Tuesday, April 8, 2008

CNN REPORTS: PETRAEUS TELLS CONGRESS GOAL IS TO RETRN TO 'PRE-SURGE' LEVELS, THEN WAIT

WASHINGTON (CNN) -- The top U.S. military commander in Iraq testified Tuesday that troop levels there should return to "pre-surge" levels this summer, but the military should gauge conditions before making further decisions.

There has been "significant but uneven progress," Petraeus said, but recent violence shows the progress is "fragile and reversible." "The situation in certain areas is still unsatisfactory and innumerable challenges remain," he said.

http://www.cnn.com/2008/POLITICS/04/08/iraq.hearing/index.html


After the 20,000 troops sent during last year's surge are withdrawn, by July, the military should wait 45 days before deciding on more reductions, Gen.
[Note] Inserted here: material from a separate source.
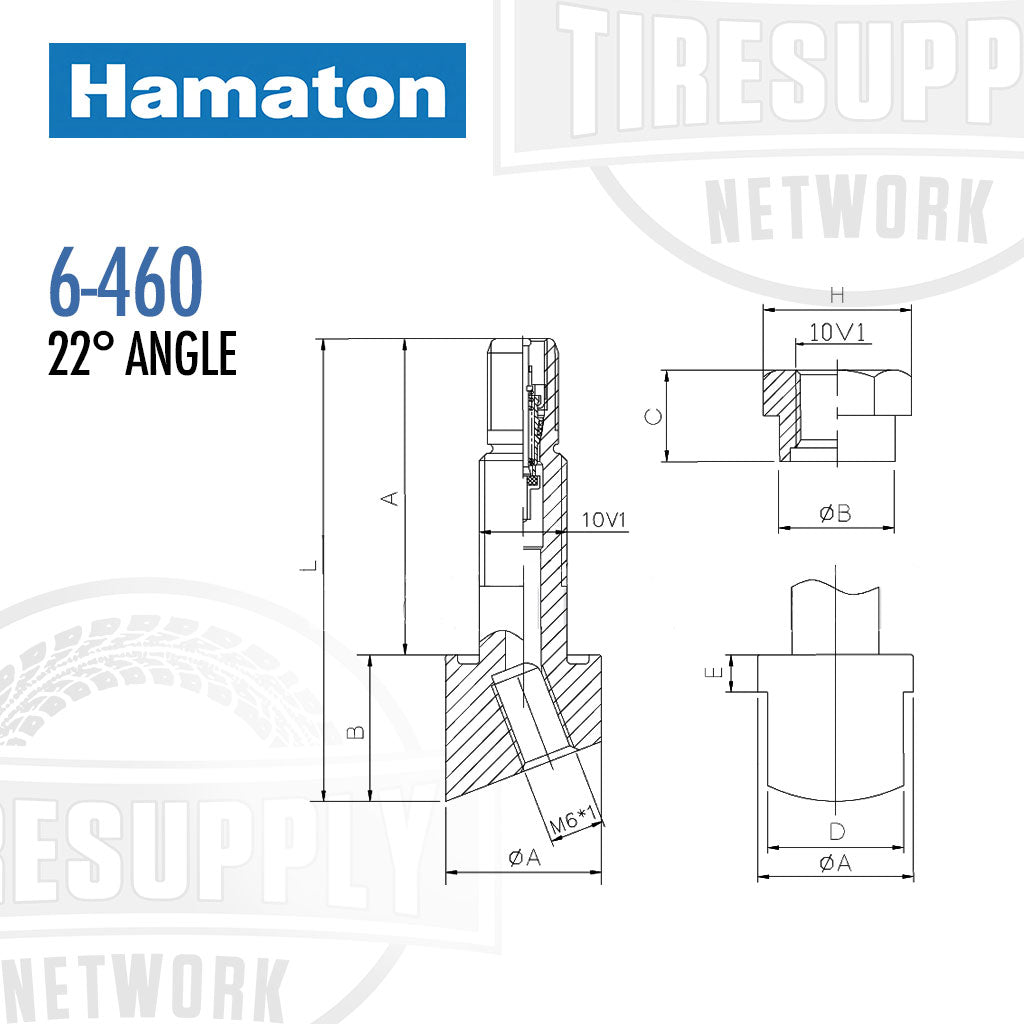 Hamaton | 22° Angle Replacement Truck TPMS Valve (6-460)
David Petraeus told the Senate Armed Services Committee.

"This approach does not allow establishment of a set withdrawal timetable," he said. "However, it does provide the flexibility those of us on the ground need to preserve the still fragile security gains our troopers have fought so hard and sacrificed so much to achieve."

Petraeus said the surge of U.S. troops last year and the incorporation of Iraqi citizens' security groups have yielded results. Both efforts have helped reduce "the areas where al Qaeda enjoys support."

"Iraq has also conducted a surge, adding well over 100,000 additional soldiers and police to the ranks of its security forces in 2007 and slowly increasing its capability to deploy and employ these forces," Petraeus said.

Recent military operations in the southern city of Basra demonstrate that Iraqi forces can do things today that would have been impossible a year ago, the general said. Watch as Petraeus describes innumerable challenges »

Ryan Crocker, the U.S. ambassador to Iraq, who testified alongside Petraeus, said Iraqis have shown progress on the political front as well, with parliament -- previously paralyzed by infighting -- passing legislation that advances "reconciliation and nation building."

Both men warned that with al Qaeda in Iraq retreating -- though not yet defeated -- Iran is the most likely force to derail the country's tenuous stability. See military charts showing violence levels »

The flow of insurgents through Syria -- while reduced to a degree -- also exacerbates problems in Iraq, as do "insufficient Iraqi governmental capacity, lingering sectarian mistrust and corruption," Petraeus said.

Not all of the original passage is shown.